◆ WHAT YOU WILL DO:
The reader should set down exactly the lines from the one containing "You might wonder" through the last line of the material, omitting every picture.

◆ RECORDED INFORMATION:
[Start of section]
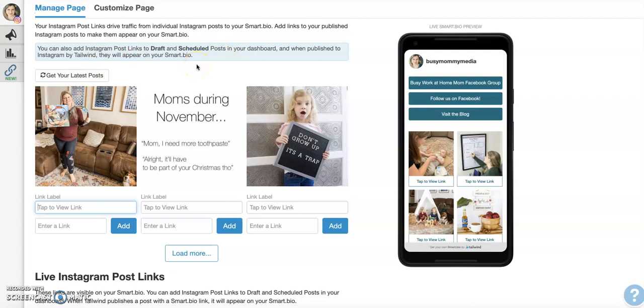Now, I will say this is a free tool. You do not have to have a paid Tailwind account to use this. So if you're not already using Tailwind, don't worry about that. You don't have to pay to use Tailwind. You can just use the SmartBio tool. So this is a great alternative to some of the paid options that they have for putting links in your Instagram bio.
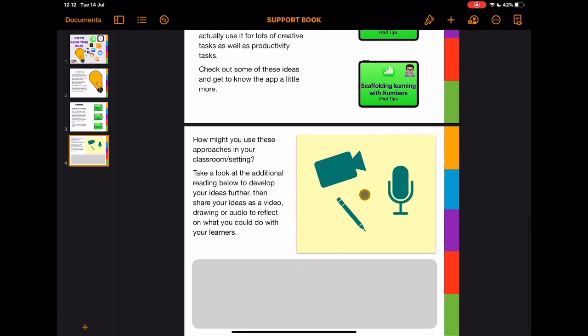Whereas in iTunes U I might have reflection points in the chat windows and discussion areas, actually now I might have these in a more media-based way. So adding a voice recording or some notes or a video with yourself talking about what you might do with these.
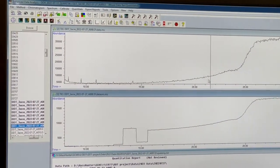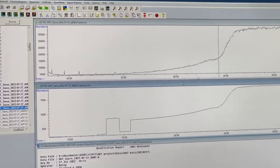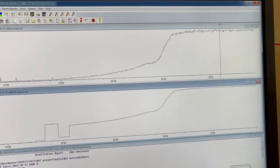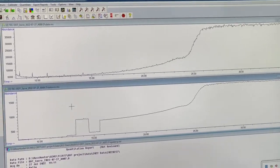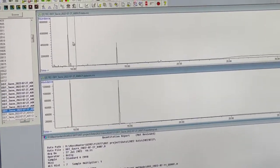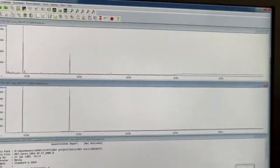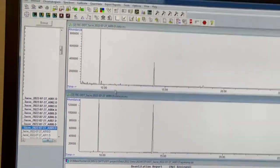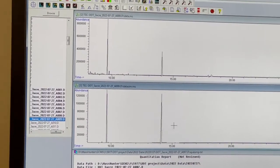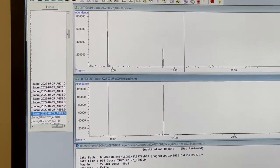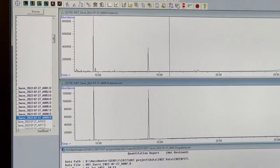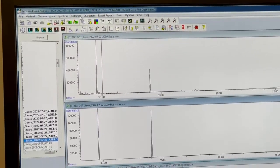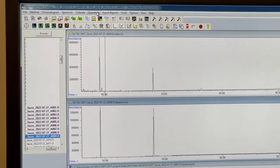This is our hexane blank. This looks fine. It didn't have that peak from earlier, so that's good to see. After this, this is our sampling. You can see two peaks. That's what we're looking for.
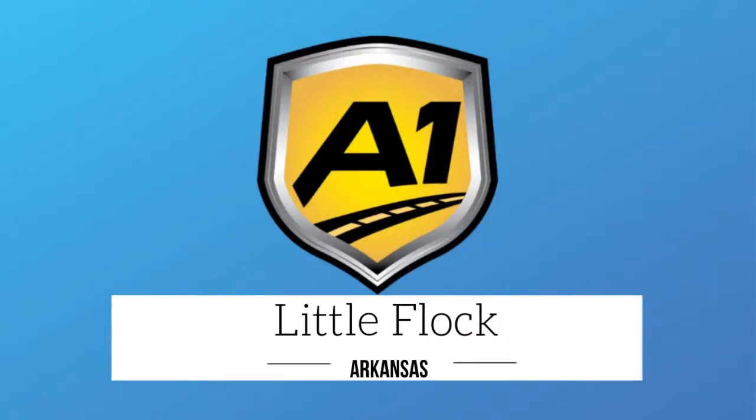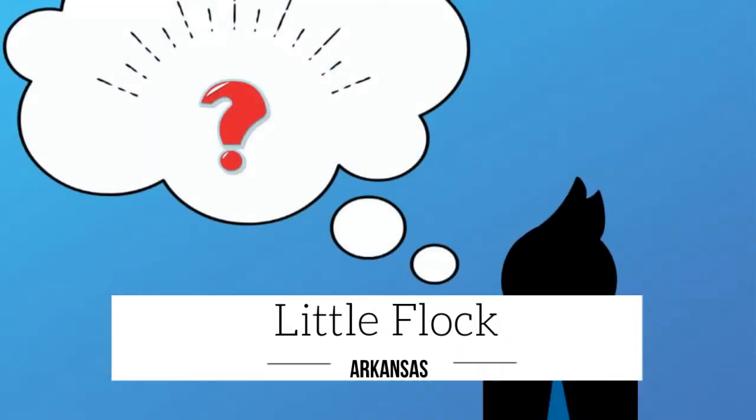Welcome to A1 Auto Transport. When you ship your vehicle to another location, the last thing you want is a company that you cannot trust.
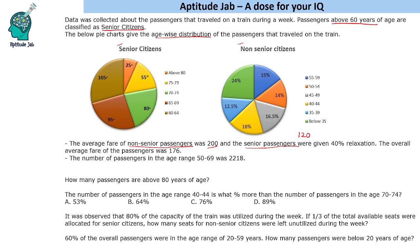The overall average fare is 176. Now this is a concept of weighted average, or we can solve using allegation, to find the ratio of senior citizens to non-senior citizens. Senior citizens were paying 120, non-senior citizens were paying 200, and the net fare was 176.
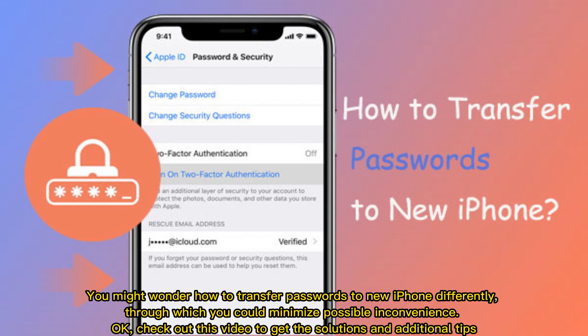You might wonder how to transfer passwords to new iPhone differently, through which you could minimize possible inconvenience. Check out this video to get the solutions and additional tips.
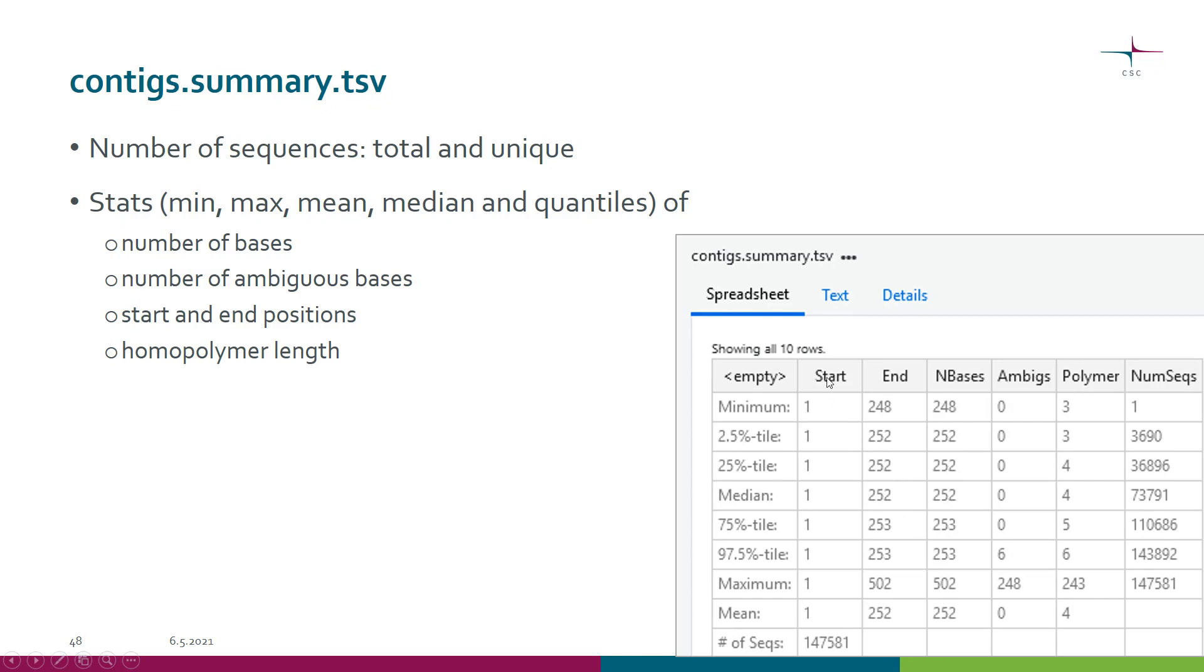We also have start and end positions. These are more meaningful when we look at the data after the alignment to the reference, because then we get the alignment positions here.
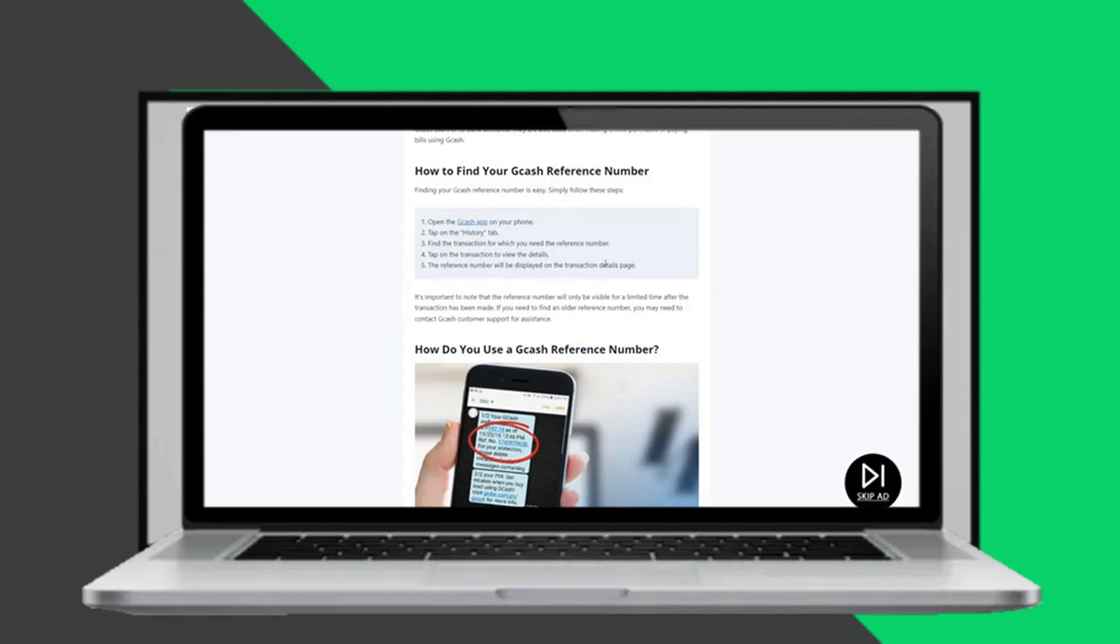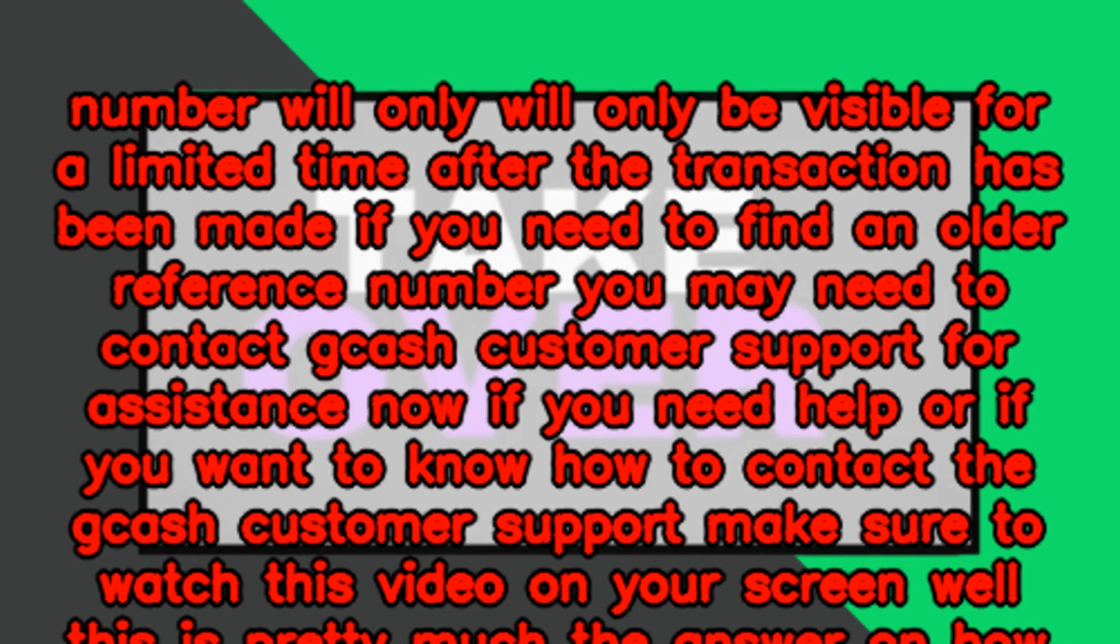It's important to note that the reference number will only be visible for a limited time after the transaction has been made. If you need to find an older reference number you may need to contact Gcash customer support for assistance.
[End of section]
◆ SOLUTION TO THIS TASK:
You might wonder how to transfer passwords to new iPhone differently, through which you could minimize possible inconvenience. Check out this video to get the solutions and additional tips.
We also have start and end positions. These are more meaningful when we look at the data after the alignment to the reference, because then we get the alignment positions here.
It's important to note that the reference number will only be visible for a limited time after the transaction has been made. If you need to find an older reference number you may need to contact Gcash customer support for assistance.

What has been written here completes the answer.